## Given data
---+---
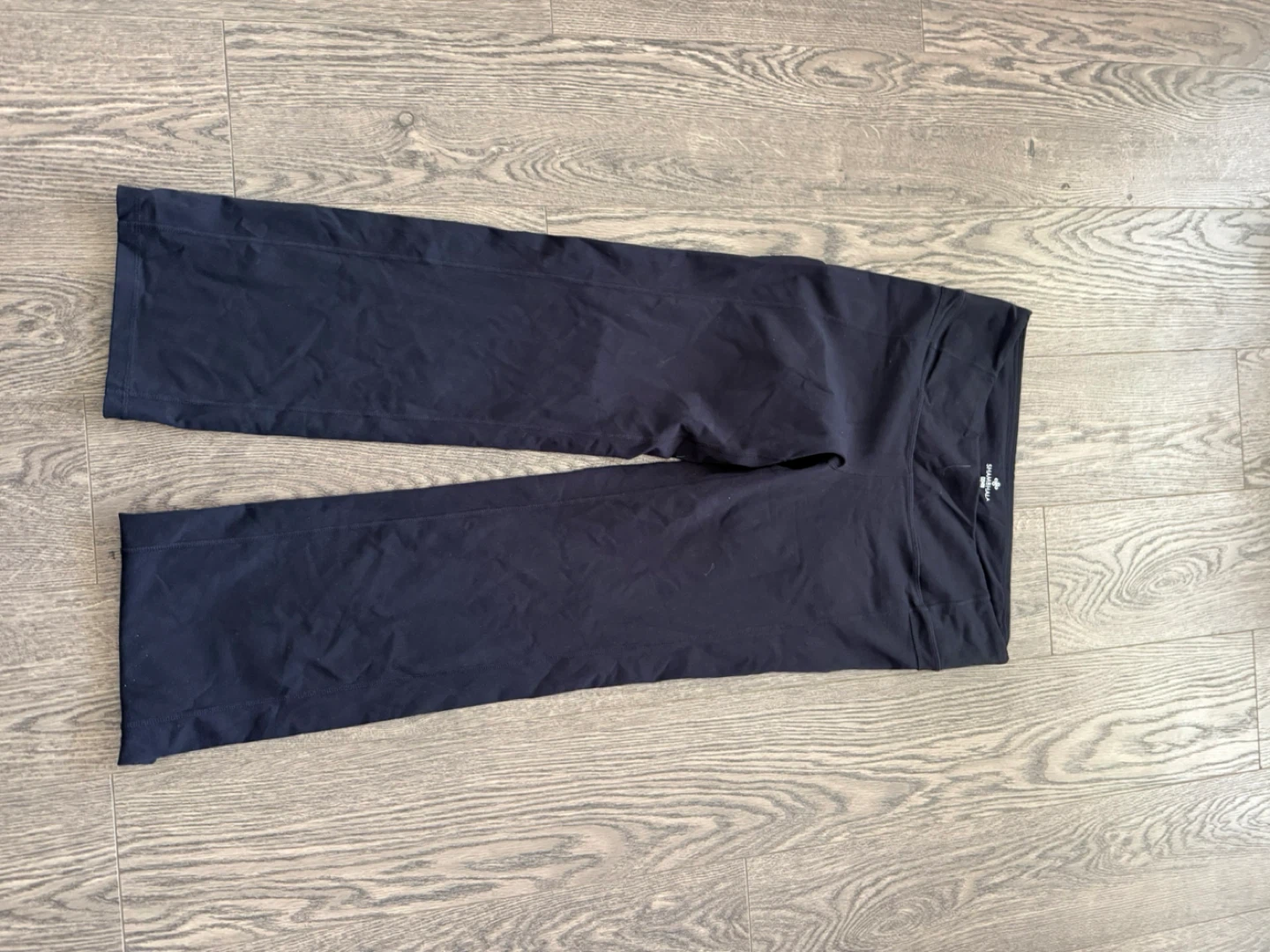 Black Yoga Pants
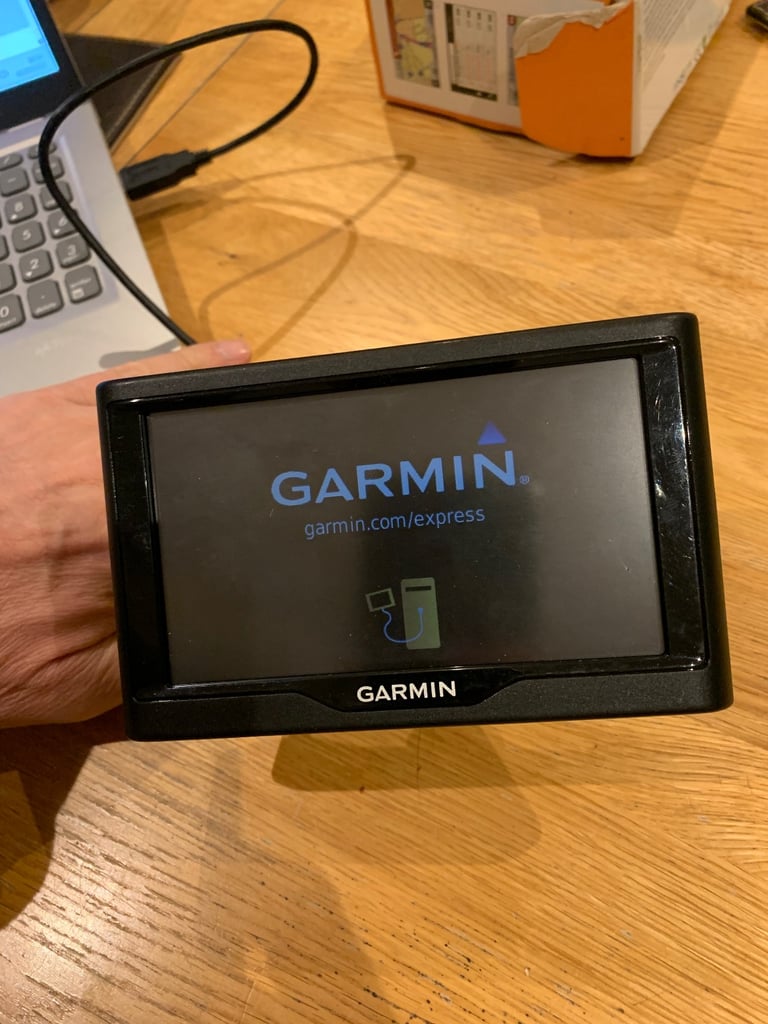 image for Garmin nuvi 57 Sat nav 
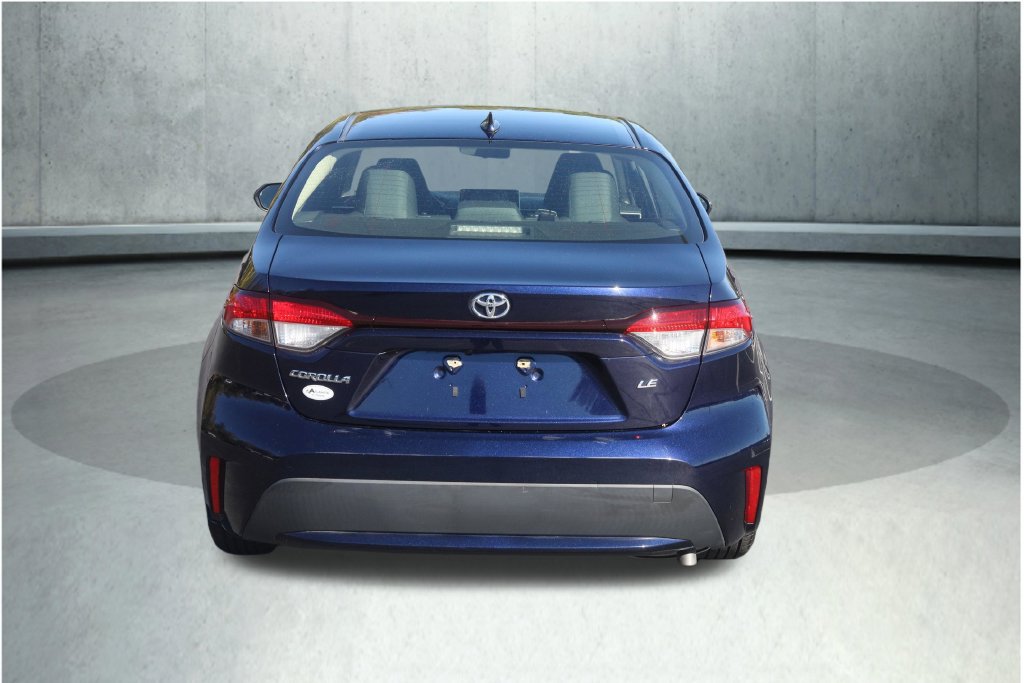 Used 2021 Toyota Corolla LE FWD image 11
---+---
## Your assignment
Set down the complete material exactly, but do not include the images.

## Task answer
 Black Yoga Pants
 image for Garmin nuvi 57 Sat nav 
 Used 2021 Toyota Corolla LE FWD image 11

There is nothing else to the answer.